Using a 8800GTS (320MB) with 0.9 SDK. Yes, this is the only allocation on the device, and no other use of the card going on (except my plain KDE linux desktop).

void
runTest(
int argc,
char** argv
)
{
//.........................................
CUT_CHECK_DEVICE();
//.........................................
rows = 4096;
cols = 4096;
unsigned int imgSize = cols * rows;
unsigned int memSize = ( cols * rows ) * sizeof( Complex );
// Allocate host memory for the signal (my image)
Complex *pImage = ( Complex * ) malloc( memSize );
// Initalize the image to something
for ( unsigned int i = 0; i < imgSize; ++i ) {
pImage[ i ].x = rand() / ( float )RAND_MAX;
pImage[ i ].y = 0;
}
// Allocate device memory for signal
Complex *d_pImage;
//..........................................

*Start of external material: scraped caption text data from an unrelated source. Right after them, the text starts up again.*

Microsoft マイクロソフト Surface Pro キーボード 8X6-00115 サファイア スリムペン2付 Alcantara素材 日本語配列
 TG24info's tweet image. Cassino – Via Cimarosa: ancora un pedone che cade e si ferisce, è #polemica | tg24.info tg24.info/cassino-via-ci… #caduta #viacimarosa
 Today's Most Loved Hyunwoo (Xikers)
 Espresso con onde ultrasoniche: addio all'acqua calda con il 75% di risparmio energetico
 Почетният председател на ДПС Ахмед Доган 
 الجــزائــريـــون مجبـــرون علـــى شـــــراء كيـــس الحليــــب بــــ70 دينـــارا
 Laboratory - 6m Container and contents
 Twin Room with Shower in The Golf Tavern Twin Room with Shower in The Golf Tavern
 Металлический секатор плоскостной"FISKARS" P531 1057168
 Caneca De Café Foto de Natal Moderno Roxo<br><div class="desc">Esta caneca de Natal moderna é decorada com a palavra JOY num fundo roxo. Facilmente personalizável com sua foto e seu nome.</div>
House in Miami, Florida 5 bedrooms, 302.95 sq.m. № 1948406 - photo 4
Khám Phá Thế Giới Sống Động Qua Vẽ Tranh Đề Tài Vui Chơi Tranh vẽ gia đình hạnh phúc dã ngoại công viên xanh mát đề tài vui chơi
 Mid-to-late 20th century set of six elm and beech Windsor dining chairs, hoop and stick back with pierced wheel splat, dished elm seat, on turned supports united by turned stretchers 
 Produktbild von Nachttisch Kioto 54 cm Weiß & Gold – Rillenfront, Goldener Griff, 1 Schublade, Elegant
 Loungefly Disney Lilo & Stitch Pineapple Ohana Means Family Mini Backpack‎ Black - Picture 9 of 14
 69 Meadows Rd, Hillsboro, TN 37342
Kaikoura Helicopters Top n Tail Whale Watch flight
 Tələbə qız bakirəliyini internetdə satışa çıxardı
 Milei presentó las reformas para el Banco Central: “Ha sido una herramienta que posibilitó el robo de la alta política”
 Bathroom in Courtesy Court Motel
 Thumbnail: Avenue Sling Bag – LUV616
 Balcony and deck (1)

CUDA_SAFE_CALL( cudaMalloc( ( void ** ) &d_pImage, memSize ) );
// Copy host memory to device
CUDA_SAFE_CALL ( cudaMemcpy( d_pImage, pImage, memSize, cudaMemcpyHostToDevice ) );
//.........................................
// CUFFT plan
cufftHandle plan;
// %%%%%%% THIS FAILS FOR 4096x4096 %%%%%%%%
CUFFT_SAFE_CALL( cufftPlan2d( &plan, rows, cols, CUFFT_C2C ) );
// %%%%%%%%%%%%%%%%%%%%%
....

I am running into the same sort of problems. I am using a 8800GTX 768MB with CUDA 1.0, CUFFT 1.0 on WinXP 32 bit, I allocate 6 buffers in global memory for a 3584x3584 image and plan a 2D fft and inverse fft of real-to-complex data out-of-place.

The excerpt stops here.